# PROBLEM STATEMENT:
Report, word for word, every line of the material that contains "Loose".

# PROVIDED ENTRIES:
>>>
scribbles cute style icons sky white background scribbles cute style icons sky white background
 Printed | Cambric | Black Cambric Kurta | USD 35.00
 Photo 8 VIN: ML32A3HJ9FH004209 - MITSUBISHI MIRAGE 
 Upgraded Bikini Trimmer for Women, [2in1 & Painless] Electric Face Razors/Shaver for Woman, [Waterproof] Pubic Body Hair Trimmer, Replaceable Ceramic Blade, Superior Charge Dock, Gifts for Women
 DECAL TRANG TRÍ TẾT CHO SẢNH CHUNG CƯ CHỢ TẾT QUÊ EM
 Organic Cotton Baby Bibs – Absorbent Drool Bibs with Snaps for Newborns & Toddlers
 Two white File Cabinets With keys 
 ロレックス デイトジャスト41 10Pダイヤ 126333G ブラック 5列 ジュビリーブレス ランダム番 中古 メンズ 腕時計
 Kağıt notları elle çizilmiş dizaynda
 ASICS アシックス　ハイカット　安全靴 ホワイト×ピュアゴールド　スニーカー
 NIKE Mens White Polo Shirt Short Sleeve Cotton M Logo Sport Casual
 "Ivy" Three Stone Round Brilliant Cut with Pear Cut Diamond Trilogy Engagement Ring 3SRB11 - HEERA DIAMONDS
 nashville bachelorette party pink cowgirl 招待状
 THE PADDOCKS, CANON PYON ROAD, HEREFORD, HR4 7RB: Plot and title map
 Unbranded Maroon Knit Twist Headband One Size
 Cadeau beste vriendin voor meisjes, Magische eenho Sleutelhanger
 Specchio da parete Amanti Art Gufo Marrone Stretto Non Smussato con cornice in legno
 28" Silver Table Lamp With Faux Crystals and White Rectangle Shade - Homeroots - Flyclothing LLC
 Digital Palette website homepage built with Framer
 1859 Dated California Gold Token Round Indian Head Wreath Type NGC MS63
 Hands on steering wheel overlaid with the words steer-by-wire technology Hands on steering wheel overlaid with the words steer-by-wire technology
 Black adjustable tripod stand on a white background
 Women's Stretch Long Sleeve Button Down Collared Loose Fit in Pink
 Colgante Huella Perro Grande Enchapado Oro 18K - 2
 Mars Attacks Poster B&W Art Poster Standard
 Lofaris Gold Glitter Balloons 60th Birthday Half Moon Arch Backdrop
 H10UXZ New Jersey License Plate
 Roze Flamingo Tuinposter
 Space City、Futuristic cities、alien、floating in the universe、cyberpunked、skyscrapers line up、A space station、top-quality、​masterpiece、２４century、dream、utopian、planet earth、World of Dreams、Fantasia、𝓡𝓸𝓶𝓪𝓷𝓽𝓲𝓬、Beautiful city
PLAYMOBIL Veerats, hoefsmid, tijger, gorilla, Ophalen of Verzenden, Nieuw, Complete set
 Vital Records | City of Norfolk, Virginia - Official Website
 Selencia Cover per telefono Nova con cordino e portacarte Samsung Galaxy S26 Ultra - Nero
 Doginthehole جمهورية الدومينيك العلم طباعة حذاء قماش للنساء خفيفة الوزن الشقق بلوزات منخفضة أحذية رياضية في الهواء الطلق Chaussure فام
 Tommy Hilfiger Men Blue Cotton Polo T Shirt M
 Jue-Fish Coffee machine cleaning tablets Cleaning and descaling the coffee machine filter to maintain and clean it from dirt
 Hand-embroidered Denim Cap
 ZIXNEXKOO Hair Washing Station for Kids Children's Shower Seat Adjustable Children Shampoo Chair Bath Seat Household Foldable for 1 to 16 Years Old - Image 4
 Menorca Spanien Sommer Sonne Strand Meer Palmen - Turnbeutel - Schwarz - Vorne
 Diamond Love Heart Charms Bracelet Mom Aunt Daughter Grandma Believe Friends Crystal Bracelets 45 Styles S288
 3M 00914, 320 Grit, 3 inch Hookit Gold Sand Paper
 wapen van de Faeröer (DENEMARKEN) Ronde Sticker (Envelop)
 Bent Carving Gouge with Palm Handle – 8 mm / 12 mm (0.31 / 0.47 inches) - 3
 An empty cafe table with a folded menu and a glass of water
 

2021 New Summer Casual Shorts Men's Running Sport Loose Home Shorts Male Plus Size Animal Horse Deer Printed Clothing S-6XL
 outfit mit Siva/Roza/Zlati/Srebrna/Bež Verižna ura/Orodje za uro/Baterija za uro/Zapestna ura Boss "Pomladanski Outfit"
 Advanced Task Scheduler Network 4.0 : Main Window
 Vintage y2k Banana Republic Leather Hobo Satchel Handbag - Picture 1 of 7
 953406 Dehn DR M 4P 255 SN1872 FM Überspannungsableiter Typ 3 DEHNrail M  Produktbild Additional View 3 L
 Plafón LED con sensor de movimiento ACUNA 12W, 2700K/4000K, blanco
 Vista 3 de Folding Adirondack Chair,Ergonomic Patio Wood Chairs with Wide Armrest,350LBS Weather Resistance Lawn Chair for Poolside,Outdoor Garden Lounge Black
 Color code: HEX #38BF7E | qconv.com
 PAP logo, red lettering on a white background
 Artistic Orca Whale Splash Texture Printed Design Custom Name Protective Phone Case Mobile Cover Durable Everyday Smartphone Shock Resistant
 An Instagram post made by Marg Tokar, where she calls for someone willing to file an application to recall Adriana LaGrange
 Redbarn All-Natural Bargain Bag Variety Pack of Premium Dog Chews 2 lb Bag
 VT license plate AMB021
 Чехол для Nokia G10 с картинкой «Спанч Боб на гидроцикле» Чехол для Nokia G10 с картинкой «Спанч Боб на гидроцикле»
<<<
# EXERCISE RESPONSE:
 Women's Stretch Long Sleeve Button Down Collared Loose Fit in Pink
2021 New Summer Casual Shorts Men's Running Sport Loose Home Shorts Male Plus Size Animal Horse Deer Printed Clothing S-6XL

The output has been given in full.